§ **Work request**
The answer is the exact text of every line from the one that contains "Photo of property" to the final line of the entries below, with pictures left out.

§ **Caption-style text data**
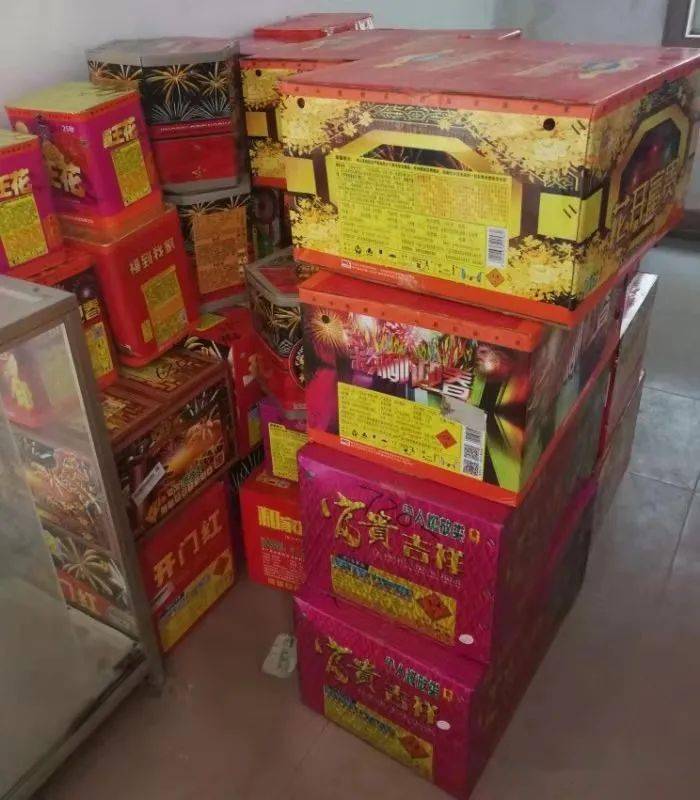 广东台山市许氏家族举办一年一度的烟花爆竹燃放活动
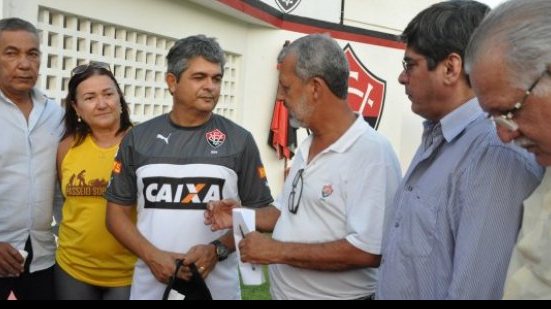 Imagem No Barradão, comissão de conselheiros ratifica apoio à diretoria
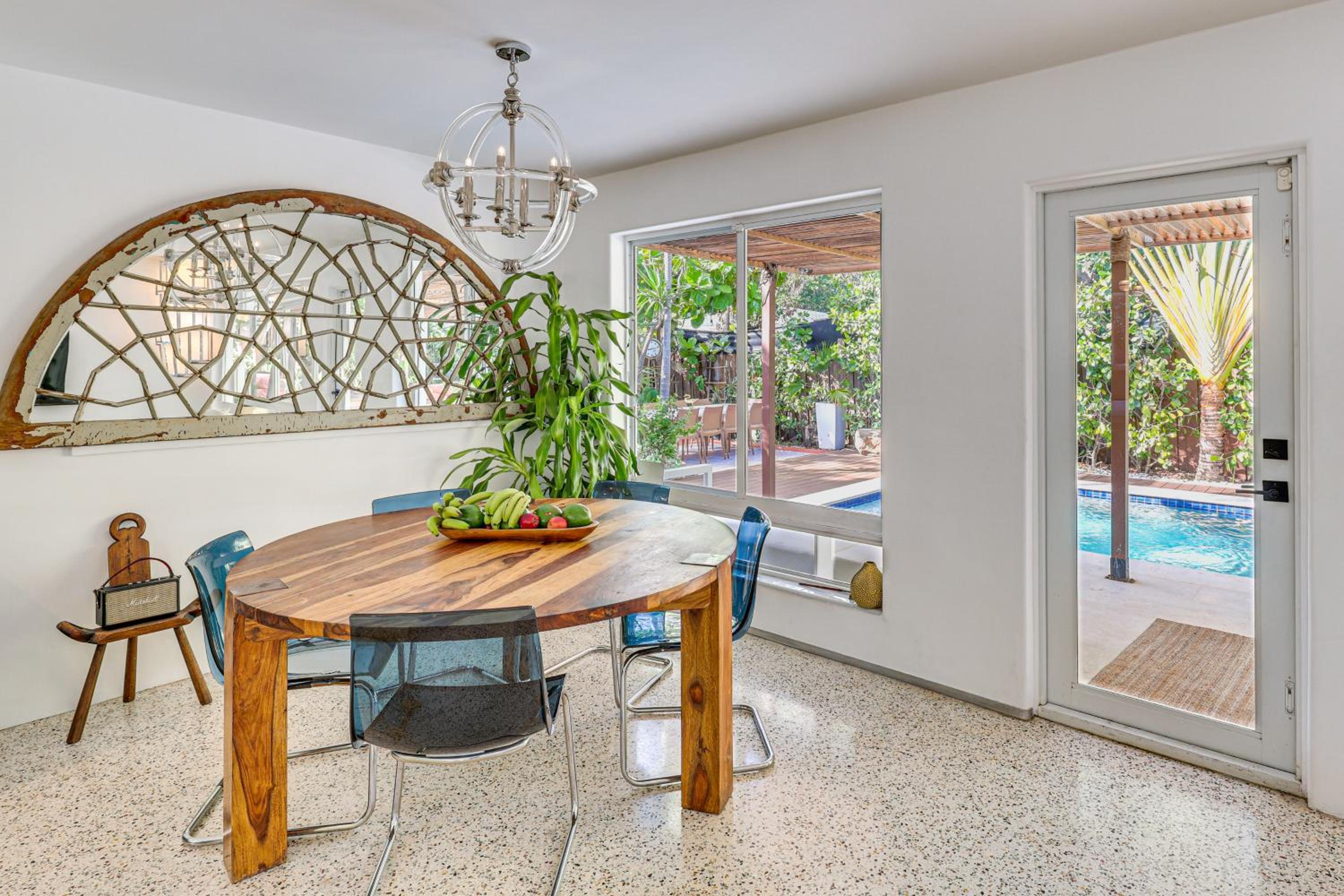 Tropical backyard with pool 10 min from Miami Beach!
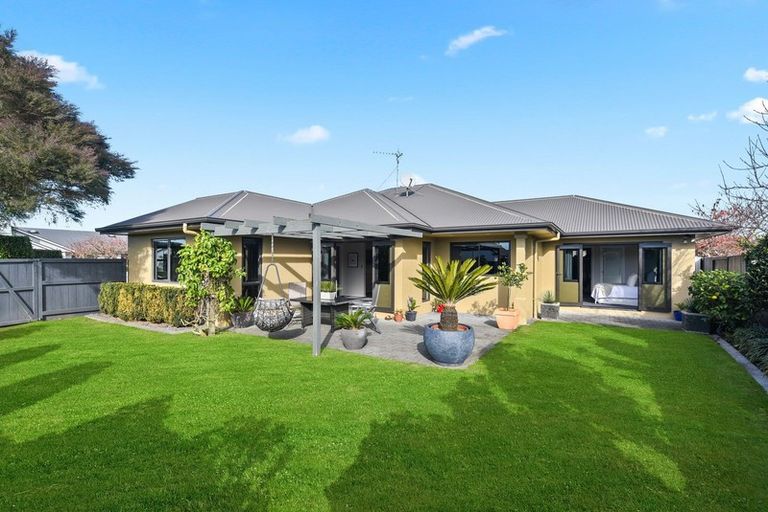 Photo of property in 2 Acton Vale, Rototuna North, Hamilton, 3210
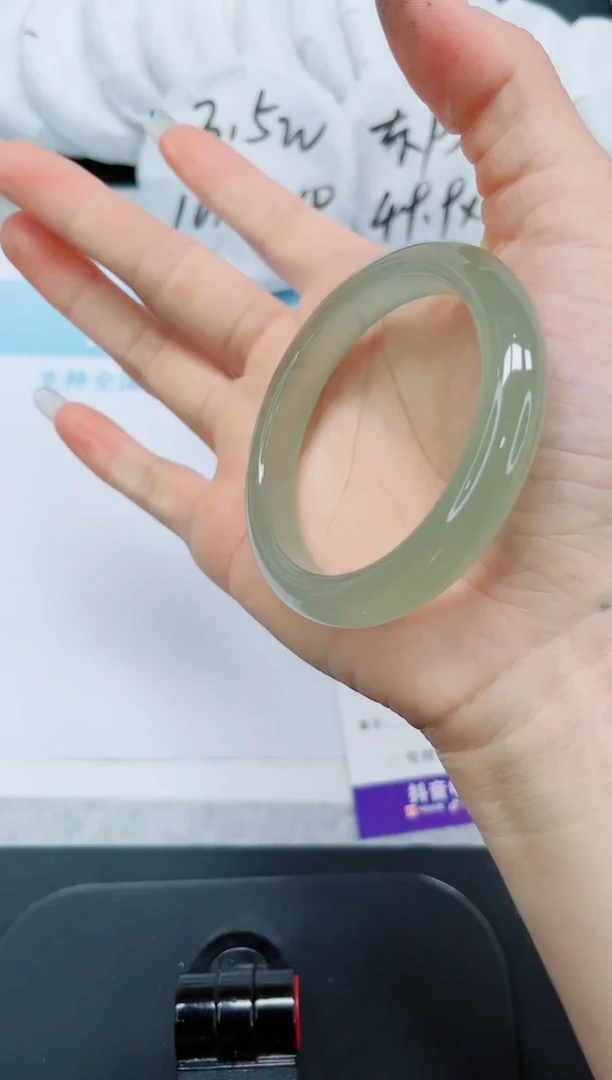 石英质玉手镯未镶嵌650-53.3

§ **Solution below**
 Photo of property in 2 Acton Vale, Rototuna North, Hamilton, 3210
 石英质玉手镯未镶嵌650-53.3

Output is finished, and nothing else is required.